Could you briefly introduce yourself?
My name is Saad Kenderian and my current role is a physician scientist at the Mayo Clinic in Rochester (MN, USA). I am a hematologist and treat patients with leukemia and patients receiving CAR-T therapy. At the Mayo Clinic, I direct a laboratory program focused on the development, optimization and translation of novel CAR-T therapies to the clinic.
Could you outline mechanisms of action that are driving resistance to CAR-T therapy?
There are two mechanisms that have been identified. The first mechanism includes antigen negative relapse. Here, tumor cells splice the B cell antigen CD19 and the tumor relapses as a CD19 negative disease. This means that although CAR-T cells are still present they are unable to recognize tumor cells. The second mechanism is loss of CAR-T cells, resulting in relapse of the original tumor. In this case, CAR-T cells develop a state of dysfunction and exhaustion after their infusion.
What progress has been made in overcoming CAR-T therapy resistance?

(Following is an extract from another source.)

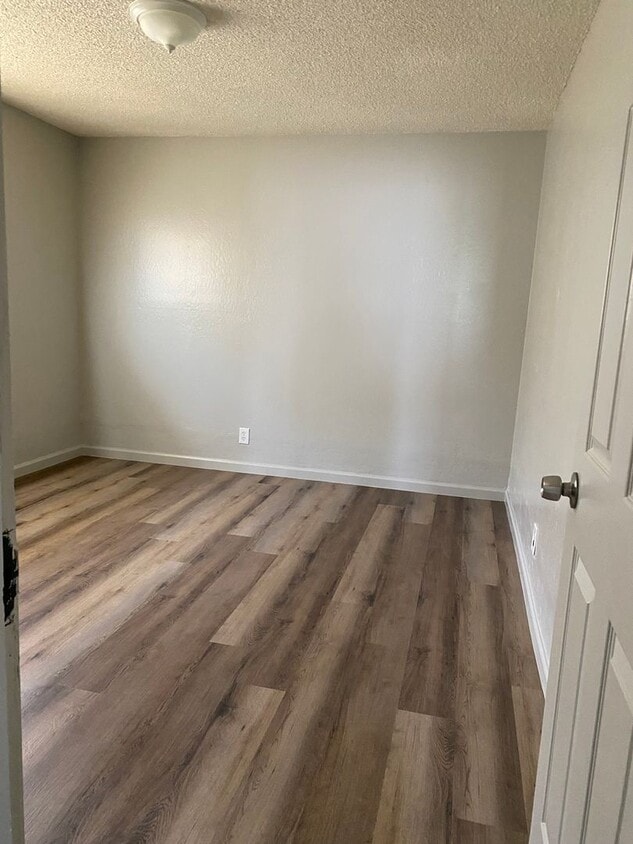 Foto principal - Hedges Ave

To overcome antigen negative relapse, CAR-T cells that target two antigens at the same time are being developed. For example, in the case of CAR-T19, to avoid antigen negative relapse, CAR-T cells targeting multiple antigens are entering the clinic, such as CAR-T19 and CAR-T22 or CART19 and CAR-T20. To overcome the issue of CAR-T cell exhaustion, strategies are being developed to either combine CAR-T therapy with other immune modulatory strategies, or to develop CAR-T cells that are resistant to exhaustion. For example, PD-1 knockout CAR-T cells are currently in early phase clinical trials for sarcoma and multiple myeloma.
In your opinion, how can we expand the application of CAR-T therapy across more hematologic malignancies and into solid tumors?
I think that there are two main hurdles before we can expand the application of CAR-T therapy. The first one is identification of unique targets that are expressed on the tumor cells. The second is engineering CAR-T cells in a way to make them resistant to inhibition caused by the tumor microenvironment. We are seeing a wave of CAR-T cells entering clinical trials that have been modified to enhance their trafficking and efficacy.
What are your predictions for the future of CAR-T therapy and how would you like to see the field progress over the next 5–10 years?
The field is moving very quickly as new constructs are developed and new clinical trials are launched every day. I hope to see more potent and less toxic CAR-T cells entering the clinic and becoming mainstream over the next 3–5 years. I think in the next decade we will see more effort towards the development of currently available CAR-T therapy in clinical trials.